Majoe Mathew has been staring at the ends of the world a long time, and according to him, it’s constantly changing. Standing at the last frontier between desert and road at sunrise, Majoe inhales deeply. You can smell the freshly sprayed bitumen here, mixed with the dull scent of industrial machinery. And beyond, always present, the whiff of open sky, rolling desert and an incredibly deep blue sea so full of fish you can see them jumping out if you look long enough.
Majoe seems to live and breathe the road here, heading a team that has built the newest road in the sultanate. As the site manager of road maker Strabag Oman looks out over Khuwaymah, where Phase One of the tarmac, now complete, ends, he tells of the story of the road. It is a complex tale of discovering the desert, getting stuck in it and surviving sand storms for three months a year. But over the technicalities of blasting rock, building upon sand and through sabkha, Majoe laces his experiences with a first-hand account of the land and its people.
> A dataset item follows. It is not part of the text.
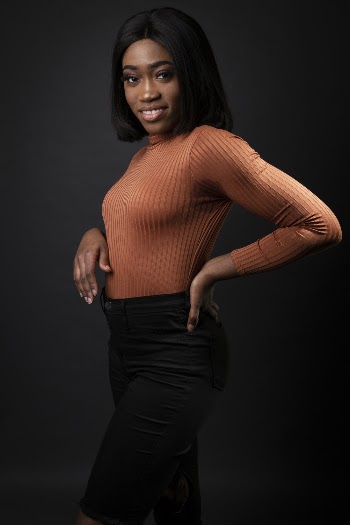 Woman Wearing Orange Long-sleeved Turtleneck Top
While phone calls in his office make him roll out blueprints, it is a National Geographic that lies on his table at the site camp, tucked away in a pause in the sand dunes, off the new road. So instead of bitumen ratios and kilometre readings, there’s a prehistoric chimp staring up at you from its yellow-rectangle frame. “I don’t believe that you can really get a feel of a place as a tourist,” he says. “To really experience a place, you have to live in it, and know its people.” Such insight developed early, from his roadwork around the Indian subcontinent, where travel went hand in hand with asphalt. “I was always interested in the socio-anthropological aspect of things around me,” he says, halfway through a carrot.